Recent changes to the Employment (Equality) Age Regulations 2006 means partners cannot be made to retire at 65, unlike practice employees.
This means that young GPs cannot assume partnership opportunities will arise regularly, says Jean Sapeta, a partner at Hempsons solicitors.
The regulations could exacerbate the lack of partnerships available for the rising number of salaried GPs in the UK, as partners retire later.
For salaried GPs to remain at a practice, there needs to be a sufficient turnover of partners so they have the chance to become a partner, said Ms Sapeta.
Figures from The Information Centre reveal the number of GP partners in England fell from 29,340 in 2005 to 27,342 in 2007.
The number of GP partnerships in England have decreased steadily each year between 1997 and 2007, from 9,102 to 8,261, despite an overall rise in the number of GPs from 30,959 to 36,420.
Dr Alex Smallwood, chairman of the BMA's GP registrars subcommittee, said partnership opportunities were thin on the ground for young GPs.

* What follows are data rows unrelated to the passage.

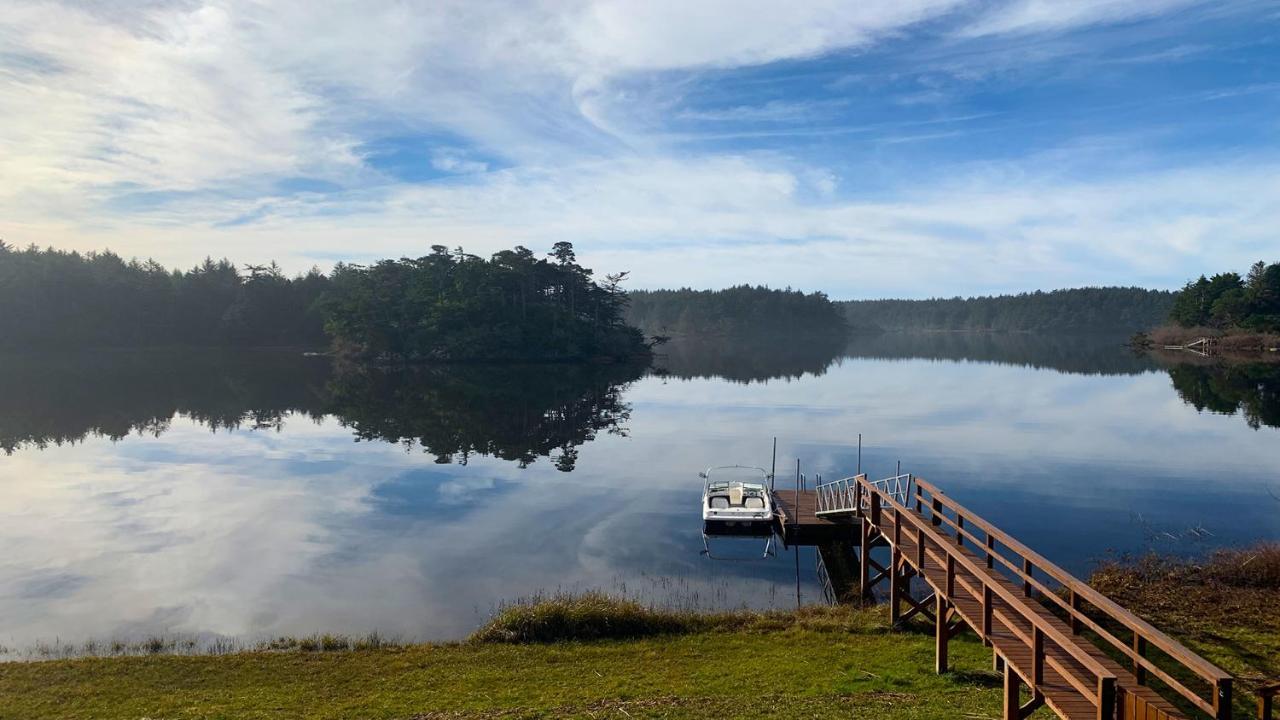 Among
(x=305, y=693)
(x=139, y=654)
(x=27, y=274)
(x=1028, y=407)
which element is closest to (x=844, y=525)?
(x=305, y=693)

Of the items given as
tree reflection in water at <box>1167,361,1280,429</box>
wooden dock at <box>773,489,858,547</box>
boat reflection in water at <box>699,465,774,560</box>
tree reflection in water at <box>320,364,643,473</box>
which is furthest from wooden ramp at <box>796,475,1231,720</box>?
tree reflection in water at <box>1167,361,1280,429</box>

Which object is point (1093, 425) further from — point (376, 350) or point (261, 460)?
point (376, 350)

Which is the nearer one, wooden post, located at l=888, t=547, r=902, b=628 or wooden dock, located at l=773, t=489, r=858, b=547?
wooden post, located at l=888, t=547, r=902, b=628

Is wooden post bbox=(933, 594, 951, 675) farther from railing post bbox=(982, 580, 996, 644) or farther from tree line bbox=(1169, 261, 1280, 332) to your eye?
tree line bbox=(1169, 261, 1280, 332)

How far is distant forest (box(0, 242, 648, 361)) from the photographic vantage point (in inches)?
4422

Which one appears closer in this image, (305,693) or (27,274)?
(305,693)

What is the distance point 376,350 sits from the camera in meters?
112

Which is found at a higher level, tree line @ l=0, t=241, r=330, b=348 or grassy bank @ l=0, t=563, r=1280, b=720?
tree line @ l=0, t=241, r=330, b=348

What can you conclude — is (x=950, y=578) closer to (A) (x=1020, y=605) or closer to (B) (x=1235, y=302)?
(A) (x=1020, y=605)

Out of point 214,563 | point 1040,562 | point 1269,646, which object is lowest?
point 214,563

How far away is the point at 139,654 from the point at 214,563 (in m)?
8.00

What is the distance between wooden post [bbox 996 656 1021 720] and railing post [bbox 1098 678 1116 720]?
6.35 ft

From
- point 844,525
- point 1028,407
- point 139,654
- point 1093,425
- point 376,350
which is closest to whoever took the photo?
point 139,654

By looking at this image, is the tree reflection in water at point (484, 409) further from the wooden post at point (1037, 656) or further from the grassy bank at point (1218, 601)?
the wooden post at point (1037, 656) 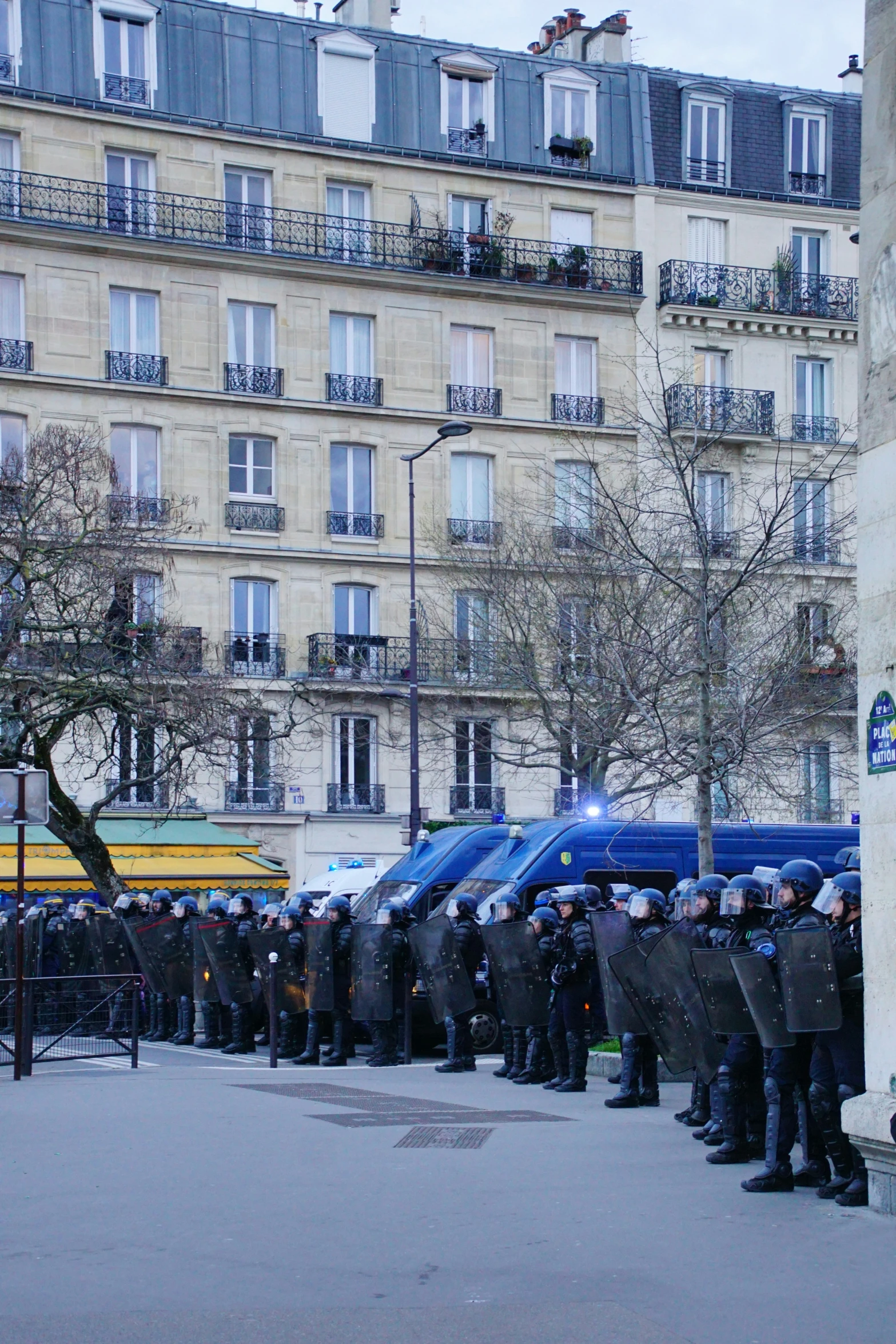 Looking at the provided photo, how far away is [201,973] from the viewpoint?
62.9 ft

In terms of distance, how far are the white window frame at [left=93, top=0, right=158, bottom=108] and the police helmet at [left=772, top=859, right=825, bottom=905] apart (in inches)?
1229

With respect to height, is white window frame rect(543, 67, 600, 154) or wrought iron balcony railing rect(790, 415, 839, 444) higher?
white window frame rect(543, 67, 600, 154)

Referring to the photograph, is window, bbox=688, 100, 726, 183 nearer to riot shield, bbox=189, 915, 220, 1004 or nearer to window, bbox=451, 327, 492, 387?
window, bbox=451, 327, 492, 387

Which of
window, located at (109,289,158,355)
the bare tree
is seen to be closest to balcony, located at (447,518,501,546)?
window, located at (109,289,158,355)

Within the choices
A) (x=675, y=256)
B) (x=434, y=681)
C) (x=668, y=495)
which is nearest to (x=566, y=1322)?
(x=668, y=495)

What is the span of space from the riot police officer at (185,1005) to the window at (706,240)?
25537mm

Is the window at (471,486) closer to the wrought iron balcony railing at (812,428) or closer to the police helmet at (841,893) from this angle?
the wrought iron balcony railing at (812,428)

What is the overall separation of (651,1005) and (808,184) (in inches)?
1363

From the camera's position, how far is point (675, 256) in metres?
41.3

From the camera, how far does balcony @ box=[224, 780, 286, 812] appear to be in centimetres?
3712

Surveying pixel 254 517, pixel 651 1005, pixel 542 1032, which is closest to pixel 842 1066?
pixel 651 1005

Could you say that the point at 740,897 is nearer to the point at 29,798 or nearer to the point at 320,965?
the point at 29,798

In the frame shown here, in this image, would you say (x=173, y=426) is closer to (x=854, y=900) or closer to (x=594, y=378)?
(x=594, y=378)

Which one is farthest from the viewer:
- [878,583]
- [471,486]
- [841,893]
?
[471,486] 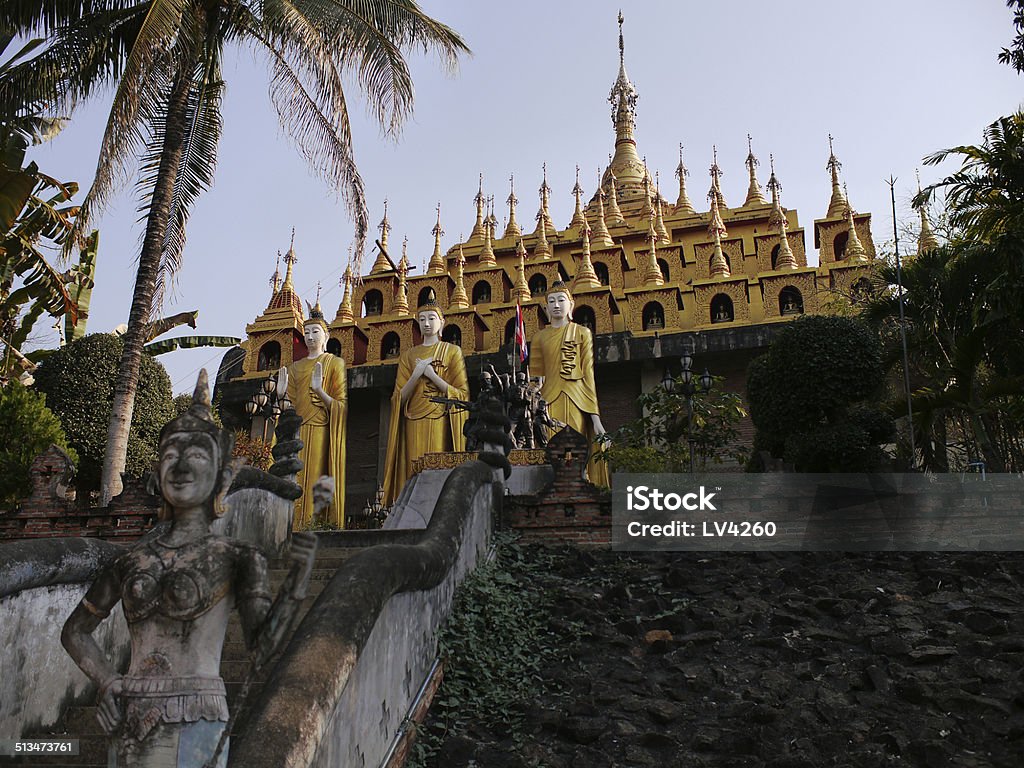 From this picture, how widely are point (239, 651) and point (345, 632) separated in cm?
180

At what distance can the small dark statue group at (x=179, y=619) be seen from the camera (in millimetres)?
3473

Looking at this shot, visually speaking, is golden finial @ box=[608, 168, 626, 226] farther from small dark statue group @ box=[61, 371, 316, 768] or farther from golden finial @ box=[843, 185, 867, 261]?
small dark statue group @ box=[61, 371, 316, 768]

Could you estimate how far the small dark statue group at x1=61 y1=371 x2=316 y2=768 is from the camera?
347 centimetres

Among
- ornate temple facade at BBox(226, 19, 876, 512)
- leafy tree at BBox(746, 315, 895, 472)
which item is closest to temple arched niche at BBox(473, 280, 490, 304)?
ornate temple facade at BBox(226, 19, 876, 512)

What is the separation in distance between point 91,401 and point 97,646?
1410 centimetres

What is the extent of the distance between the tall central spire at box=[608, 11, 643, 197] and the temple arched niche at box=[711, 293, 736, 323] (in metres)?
11.6

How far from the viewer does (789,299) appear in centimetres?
2452

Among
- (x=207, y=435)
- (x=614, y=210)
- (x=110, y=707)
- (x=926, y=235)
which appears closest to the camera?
(x=110, y=707)

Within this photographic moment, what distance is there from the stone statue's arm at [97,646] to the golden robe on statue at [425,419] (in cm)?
1140

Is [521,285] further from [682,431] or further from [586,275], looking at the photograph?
[682,431]

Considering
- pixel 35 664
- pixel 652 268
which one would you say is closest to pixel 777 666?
pixel 35 664

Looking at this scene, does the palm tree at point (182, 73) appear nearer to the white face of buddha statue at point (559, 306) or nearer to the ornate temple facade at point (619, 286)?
the white face of buddha statue at point (559, 306)

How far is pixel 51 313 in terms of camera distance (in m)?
17.0

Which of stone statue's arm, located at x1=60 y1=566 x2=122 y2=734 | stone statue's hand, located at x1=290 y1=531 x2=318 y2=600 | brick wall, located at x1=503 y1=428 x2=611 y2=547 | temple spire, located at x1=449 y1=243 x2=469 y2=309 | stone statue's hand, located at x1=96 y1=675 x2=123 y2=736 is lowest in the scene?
stone statue's hand, located at x1=96 y1=675 x2=123 y2=736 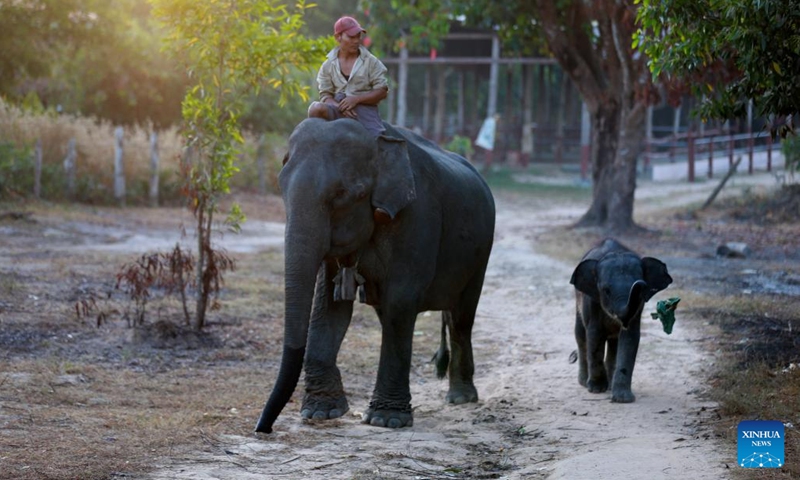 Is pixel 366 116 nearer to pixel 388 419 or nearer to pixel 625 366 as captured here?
pixel 388 419

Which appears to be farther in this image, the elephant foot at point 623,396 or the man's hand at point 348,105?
the elephant foot at point 623,396

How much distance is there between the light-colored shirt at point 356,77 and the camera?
25.5 feet

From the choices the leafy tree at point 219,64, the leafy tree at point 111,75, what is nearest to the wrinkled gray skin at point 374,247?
the leafy tree at point 219,64

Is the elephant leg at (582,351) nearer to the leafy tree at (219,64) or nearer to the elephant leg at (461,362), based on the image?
the elephant leg at (461,362)

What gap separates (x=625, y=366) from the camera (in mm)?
8516

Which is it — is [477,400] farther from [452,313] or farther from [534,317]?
[534,317]

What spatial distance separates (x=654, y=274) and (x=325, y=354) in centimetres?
273

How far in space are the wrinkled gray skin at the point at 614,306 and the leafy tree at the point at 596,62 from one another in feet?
33.9

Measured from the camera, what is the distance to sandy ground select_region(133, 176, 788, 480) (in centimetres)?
658

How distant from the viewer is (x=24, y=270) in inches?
544

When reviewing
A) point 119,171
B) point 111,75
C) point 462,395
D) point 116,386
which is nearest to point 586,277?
point 462,395

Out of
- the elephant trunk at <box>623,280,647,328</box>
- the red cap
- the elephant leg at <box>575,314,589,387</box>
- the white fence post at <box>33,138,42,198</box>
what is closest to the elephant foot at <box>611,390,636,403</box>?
the elephant trunk at <box>623,280,647,328</box>

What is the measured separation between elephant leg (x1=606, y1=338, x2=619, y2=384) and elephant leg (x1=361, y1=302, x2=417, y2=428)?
6.61 ft

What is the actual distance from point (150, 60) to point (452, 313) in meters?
23.2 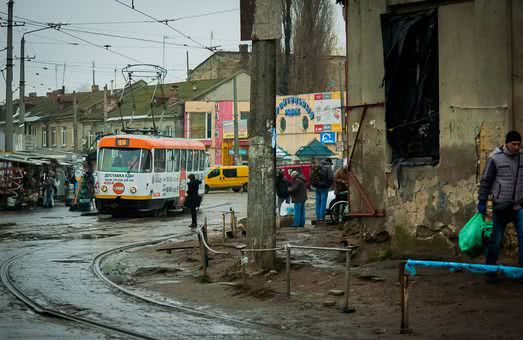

'Anything that deters people from advertising partnerships should be treated with scepticism,' he said.
But Dr Terry John, chairman of the BMA's GP workforce committee, believes that the current situation in primary care means that many partners approaching retirement age will be happy to retire.
'I don't think people will want to hang on and on like they would have liked to in the past. But we do need to be reminding all practices that if we want the profession to be strong we must enable partnerships to occur,' he said.
'We don't want a pool of disaffected young GPs waiting to be taken in by private companies,' he added.
GPC chairman Dr Laurence Buckman has also recently encouraged practices to offer more partnership opportunities despite the current financial uncertainty. The GPC is working on a campaign to ensure practices offer more partnership opportunities.